Can you show to remove the 4 bumper corners on thre more on hae 97 pathy. 

With nice weather here I want to replace the 4 bumper corners and need to know what is need them.


----------



## TW_Pathy_97 (Oct 25, 2009)

Can anyone provide steps to remove end caps for a 96-99 pathfinder ?


----------



## TW_Pathy_97 (Oct 25, 2009)

bump.... 

I see lots rusted out; has anyone replaced these ?


----------



## laxman0324 (Oct 1, 2007)

I know on the front bumper they bolted to the bumper itself, my guess is taking the bumper off will be necessary...


----------



## TW_Pathy_97 (Oct 25, 2009)

Thanks for the info.... I was hoping that since they are essentially tirm that there would be a few bolts and then just pop of the clips.

I was really hopping to avoid taking off the bumper because I know that involves taking out the corner lights grill and a few other things... not cool.


Has anyone else had to remove front or back Bumper corners ?

FYI: My corners differ a little from most 96-99 pathys I have seen because they are steel and not chrome.
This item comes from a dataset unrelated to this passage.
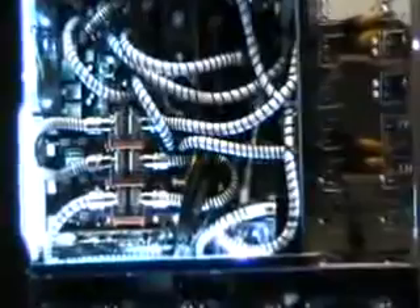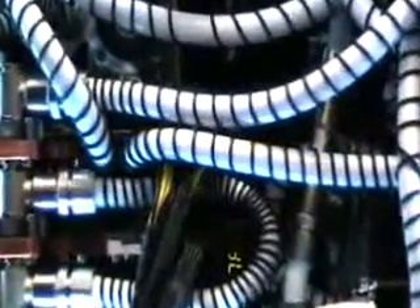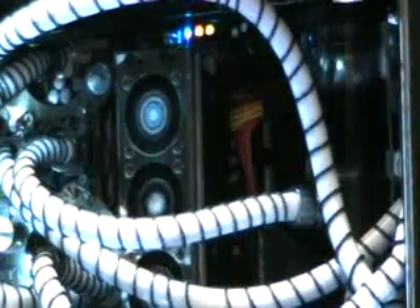A further 120mm radiator cools the North Bridge, South Bridge VRMs, and three 1TB Samsung SpinPoint F1 hard drives via an AquaDrive water block. The RAM is also actively cooled with a Corsair Dominator fan module.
Also I don't have fender flares either.... not sure if this makes a difference.... but they look slightly different from others.


----------



## laxman0324 (Oct 1, 2007)

TW_Pathy_97 said:


> Thanks for the info.... I was hoping that since they are essentially tirm that there would be a few bolts and then just pop of the clips.
> 
> I was really hopping to avoid taking off the bumper because I know that involves taking out the corner lights grill and a few other things... not cool.
> 
> ...


chrome vs. steel only impacts the finish, not how they mount. And fender flares mount to the bumpers, so they come off with the bumper as well. Honestly it took me 4 or 5 hours to take the whole front apart and put on a new bumper with a grill guard, so I wouldn't be afraid to do it...


----------



## TW_Pathy_97 (Oct 25, 2009)

Thanks again Laxman... I appreciate those that are actually here to help.

I want to get an idea of just the 4 trims pieces though.... my bumpers are pristine. I don't want to spend 5 hours taking have of the front end apart to swap out something that should be a lot simpler....

I was thinking an hour in back yard with my basic pathy tools would do it.... If I need to take half of the truck apart I may need to take it to my mechanics home shop for the whole weekend for some trim.... that's gonna be a lot of shop time on top of the $300 to get new ones.

I am hoping someone has done the replacement of these to help give me an estimate of how much of my Saturday this project will take.


----------



## laxman0324 (Oct 1, 2007)

I know thats what you need to do for the front bumper. You have to remove the entire front bumpers to get those trim pieces off of the fascia (they are attached by a couple bolts). I do not know about the rear.


----------



## TW_Pathy_97 (Oct 25, 2009)

thanks again.... if I don't hear about the back by tomorrow I am gonna grab a case of beer and start taking them apart to get a jump of the Saturday project of replacing all 4.


----------



## TW_Pathy_97 (Oct 25, 2009)

I have been doing more research on replacing these.... haven't found anything useful, except I am getting hosed on the price. The only place I can get them here wants $250... I found a place in NJ that sells all 4 for $110 but they don't ship outside the lower 48 states.


----------



## TW_Pathy_97 (Oct 25, 2009)

Update: I replaced the back corners on Saturday... most of the bolts had to be cut or broke when torqued them so I had to punch them out. 

By far the easiest way to replace these is to take off the rear bumper cover, To do this : 

1) remove the rear wheel well cover and mud flap (5 or so screws)
2) open the lift gate and remove the 6 clips.
3) Remove the Bolts under the bumper that secures the cover to the the steel

pull of the bumper and corners together... I used a flat head to pop out the 2 ball clips that secure the end caps or if you full them towards the front enough they will slide out.


----------